Chicago city attorneys are urging dismissal of a putative class action suit against the city, which demands the city compensate drivers who didn’t receive second notices of camera-generated traffic citations between 2003 and 2010, contending the suit was lodged too late and second notices were not required anyway.
In January, plaintiffs Fred Hampton and Glenn Williams filed for a class action in Cook County Circuit Court for themselves and other motorists who were mailed red light camera and speed camera automated tickets from 2003 to 2010, but did not receive second notices of the alleged violations. The notices were to give those drivers, who didn't respond to first notices, a chance to contest the citations before they were fined. Plaintiffs argued the failure to send second notices invalidates the citations. The class action could involve hundreds of thousands of drivers.

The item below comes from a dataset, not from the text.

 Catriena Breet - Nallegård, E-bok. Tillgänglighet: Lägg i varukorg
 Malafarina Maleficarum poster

Last year, the city settled a similar action, filed in 2015, for citations issued between 2010 and 2015. The suit sought to include all citations issued since implementation of the camera system in 2003, but the settlement only went back to 2010. Under the terms of the $38 million settlement, each class member pocketed an average of $58, with $11 million going to the Chicago firm of Myron M. Cherry & Associates, which represented plaintiffs.
The firm of Cafferty Clobes Meriwether & Sprengel is handling the new suit. The firm has offices in Chicago, Philadelphia and Ann Arbor, Mich.

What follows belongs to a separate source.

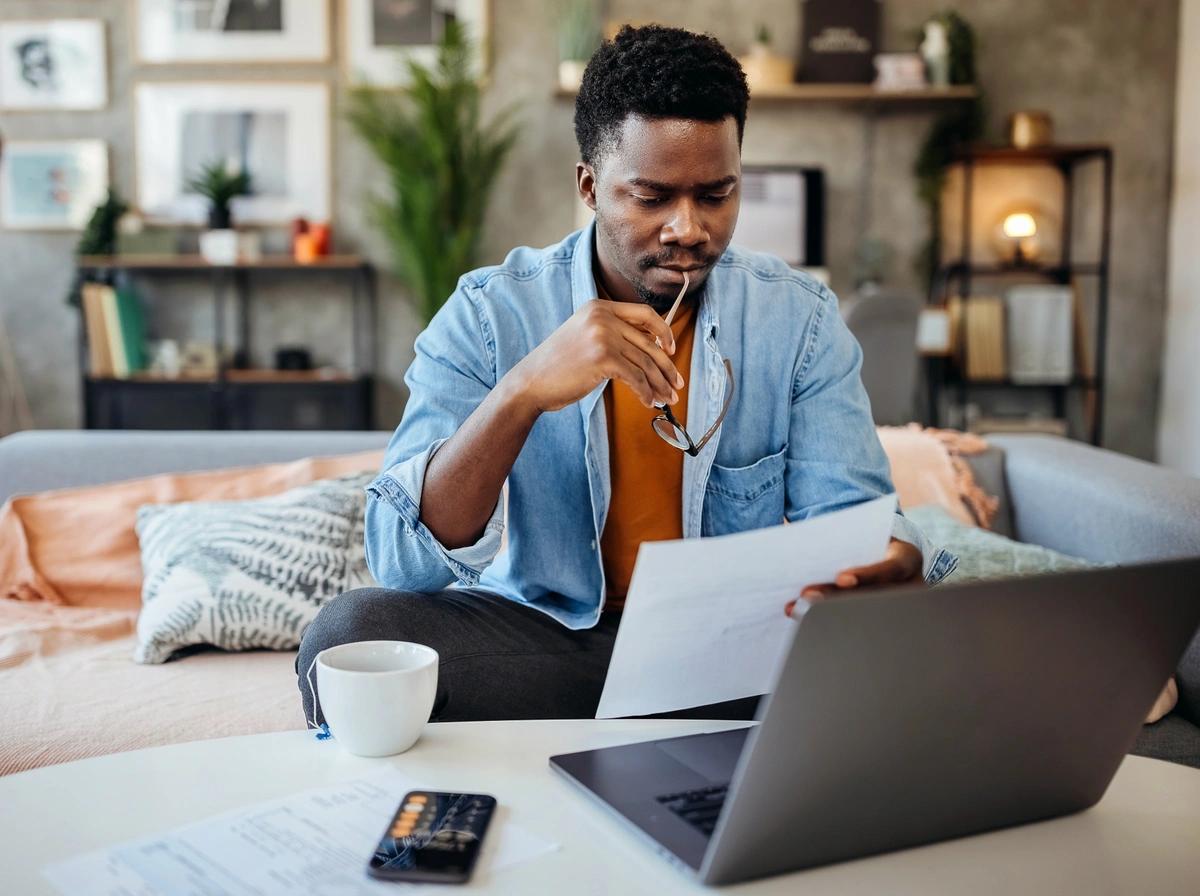 tax planning man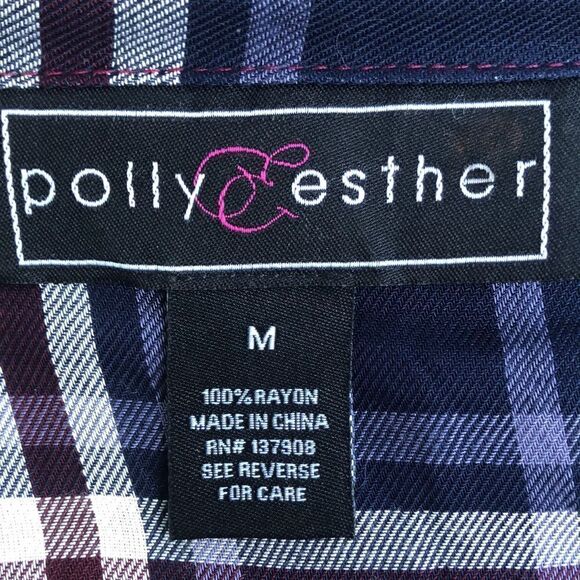 Polly & Esther top - Picture 6 of 7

The new suit, as did the old one, alleges the city violated its own ordinance by not sending a second notice of violation to people who were mailed tickets.
City Hall is arguing it was optional for the city to send second notices, not mandatory, and noted Illinois Vehicle Code does not require second notices.
Plaintiffs have countered the ordinance uses the word "shall" regarding followup notices.
"The Court should not rescue the City from this quagmire of its own making. If the City Council did not intend to make the second notice requirement mandatory, it should have used different language or amended the ordinance to clarify its intent," plaintiffs said.
The city further maintained that although there is no unjust enrichment count in the suit, plaintiffs are essentially accusing the city of unjust enrichment, which carries a five-year statute of limitations and would kill the suit.
Plaintiffs brushed aside the city's contention unjust enrichment is in play, calling the city's arguments"specious efforts to impose a limitations period where none exists."
Plaintiffs said the city on multiple occasions in circuit court and on appeal during the first class action, argued for the five-year limit, but judges rejected the arguments. In addition, plaintiffs claimed the citations in question are void, and the U.S. Supreme Court said in 2016: "When we say that a judgment is void, that judgment may be challenged at any time."
The city also asserted the suit is no good, because plaintiffs lodged their action before exhausting administrative remedies. However, plaintiffs replied the citations don't turn on whether drivers were guilty, but on the validity of citations and case law interpretation, which cannot be addressed at the administrative level.
The case is assigned to Associate Judge David Atkins.
City Hall is represented by corporate counsel and the Chicago firm of Thompson Coburn LLP.